DATA BELOW:
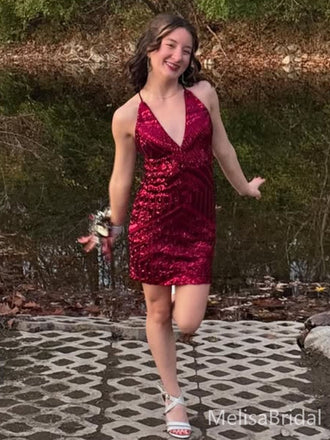 Sexy Red Spaghetti Straps V-neck Short Party Dress Short Homecoming Dress, HD535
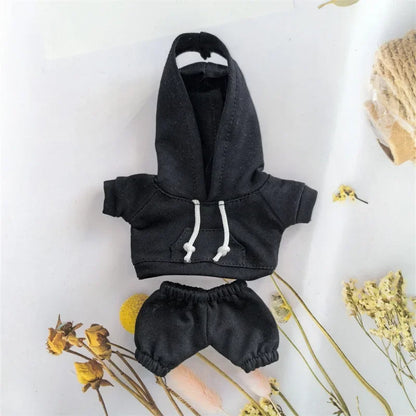 17cm Labubu Doll Outfit Set – Black Hoodie Sweatshirt & Pants, DIY Gift for Dolls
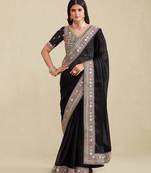 Black Color Embroidered Saree With Matching Blouse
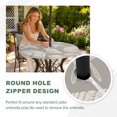 thumbnail image 4 of Round Outdoor Tablecloth with Umbrella Hole and Zipper, Grey Starfish Coastal Tablecloth with Elastic Waterproof, Shell Coral Summer Beach Nautical Ocean Patio Table Covers for 45" - 54" Pool Tables, 4 of 9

WHAT TO DO: Word for word, output the lines from the beginning of the listing through the line holding "Black Color Embroidered" and nothing beyond them. Omit the pictures.

RESPONSE TO THE TASK:
 Sexy Red Spaghetti Straps V-neck Short Party Dress Short Homecoming Dress, HD535
 17cm Labubu Doll Outfit Set – Black Hoodie Sweatshirt & Pants, DIY Gift for Dolls
 Black Color Embroidered Saree With Matching Blouse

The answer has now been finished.